The lower floor is dominated by a large rubber octopus. There are also several portholes featuring tropical fish. Two of these spent their life, during our visit, starring at each other and chewing gum. One must suppose that they had spent a long time living in Hungary studying the customers at Nautilus. There were several areas of running water and then all that greenery. Unfortunately plastic plants may last longer but eventually they need cleaning, especially if there is much cigarette smoke about. These plants were clearly suffering the effects of secondary smoking. I had a real problem stopping the Goat chomping the whole lot down to the ground. However the continually playing of a Richard Clayderman tapes was slightly more aggravating than the unwashed flowers and gave her something else to bitch about.

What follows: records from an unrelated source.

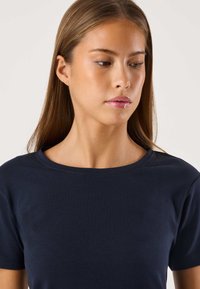 Laivastonsininen, lyhythihainen t-paita sileästä puuvillasekoitteesta, pyöreällä pääntiellä ja minimalistisella designilla. Ei näkyviä kuvioita tai korostuksia.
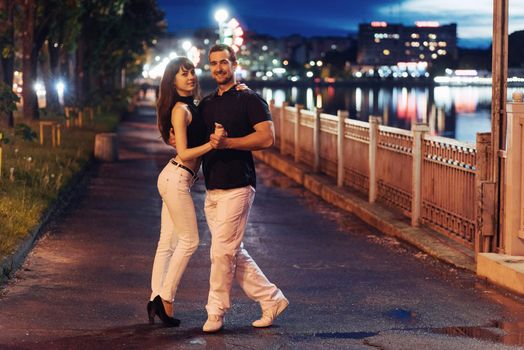 young couple dancing tango on the embankment of the river in the evening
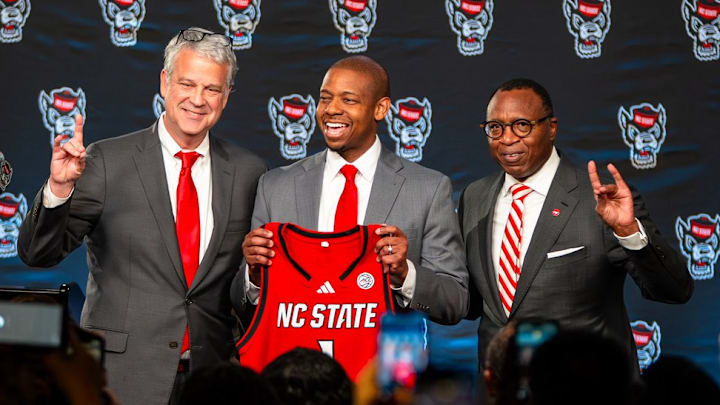 NC State AD Boo Corrigan, men's basketball coach Justin Gainey and Chancellor Kevin Howell pose at Gainey's introductory press conference at the Lenovo Center on Wednesday, April 1, 2026. 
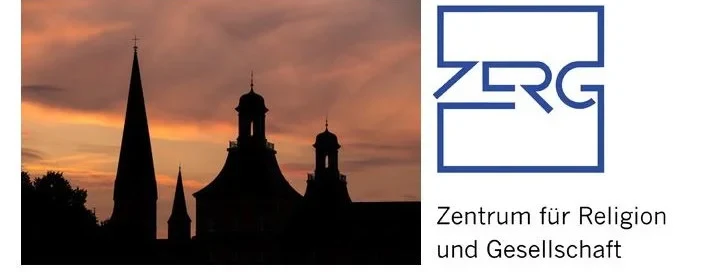 Eine Wissenschaftlerin und ein Wissenschaftler arbeiten hinter einer Glasfassade und mischen Chemikalien mit Großgeräten.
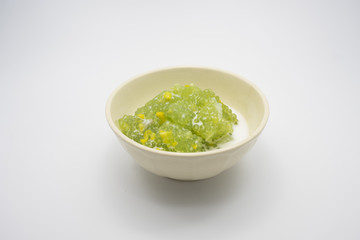 Tapioca pudding or Sakoo (Thai dessert) with coconut milk on white background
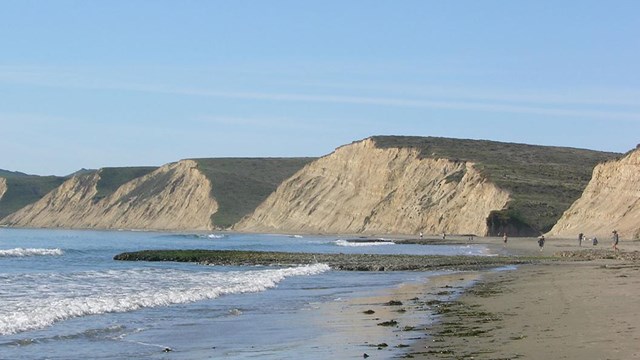 View looking across a beach with waves washing in from the left at the tan-colored bluffs.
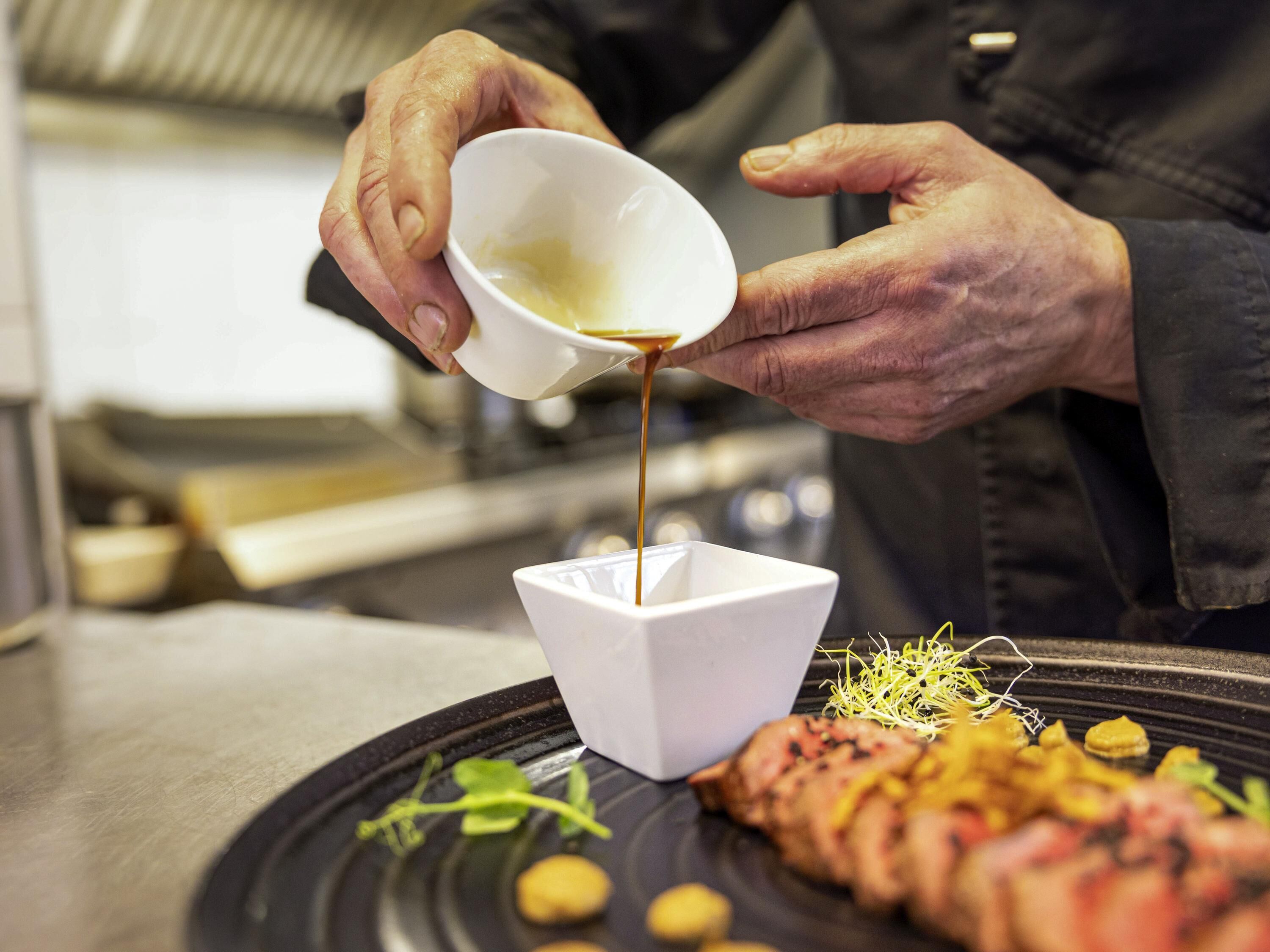 Une personne verse de la sauce dans un bol blanc posé sur une assiette contenant de la nourriture.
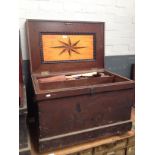 An antique joiner's toolbox with marquetry inlay to the interior containing a number of vintage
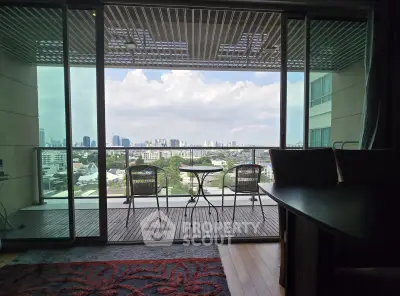 Stunning city view from modern apartment balcony with stylish outdoor seating.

The surely waiter was swift enough in asking what we wanted to drink. I asked for wine as was informed they had chardonnay. A list; I suggested might be helpful. There was none I was informed. When I demanded the name of the wine maker the bottle was produced. A very ordinary Ngyredi was priced at Ft.1600: take or leave it. I growled an acceptance, muttering things about places and that they think they are a smart restaurant and do not even have a wine list. However the matter did not end there because the Goat, in a foray into the plastic undergrowth, retrieved what was most definitely a 'wine list.' This was about the time that bill, which included two bottles of wine at Ft.1600, was delivered. The head waiter, who had suddenly realised that I had the wine list in my hand, was not looking pleased because he was aware that on the list most Hungarian wines were priced at Ft.800. When I wanted to discuss the matter with him, he declined saying that we had had different wines. The white was on the list at Ft.800, however the red was not. If I had wanted to argue the case the head waiter was prepare to ask the director to step my way. I had already seen an apparition in flowing black robes and a designer shave and was confident that a discussion would not have helped. I had after all accepted the Ft.1600 price. In any event I am just a stupid kulfoldi who should know better than to enter a restaurant, in Budapest, with $100,000 worth of motor outside: Even if it was clearly not paid for by this operation!

Now the most stupid thing about the issue with the wine is that the food was actually good and the menu which majors in fish reasonably interesting. The Goat had a shrimp cocktail which was wonderfully presented in a giant cut down brandy balloon. An enormous garnish was certainly too much for most humans, let alone a goat suffering from the effects of the plastic flowers. The shame was that once again, in this town, the prawns were the warm water variety, even if they were of the larger size. I had what was strangely described as butter paste with shrimp and fresh ragout. It a vol-au vent filled with a fish mixture and was pretty good.

For mains the assorted sea fish was a fish kebab with a reasonable selection including calamari and salmon. I had Tournedos with goose liver and brandy sauce. The sauce was not very exciting, which was hardly surprising because I noted that in the menu they offered a choice of 18 different sauces and keeping all those up to date and fresh must be a chef's nightmare.

The vegetables were very good with carrots, broccoli, courgettes and stuffed tomatoes being scattered freely on the plates, in fact so much so that the plates looked over full. But at least the veg. were al dente and thus worth eating. The Goat had a final course of flaming fruit on a sword. This was a simple and good idea of pouring boiling spirit over fresh fruit and set it alight, having first sprinkled icing sugar over it.

The bill, when it was presented, by the slightly over pompous head waiter was for Ft10,100 including 15% service.

I suppose that I shall go back to Nautilus since it has the advantage of being a wonderful demonstration of a great deal that is wrong with Hungary today. The core is good, but the bits around it are artificial, incompetent and/or dishonest.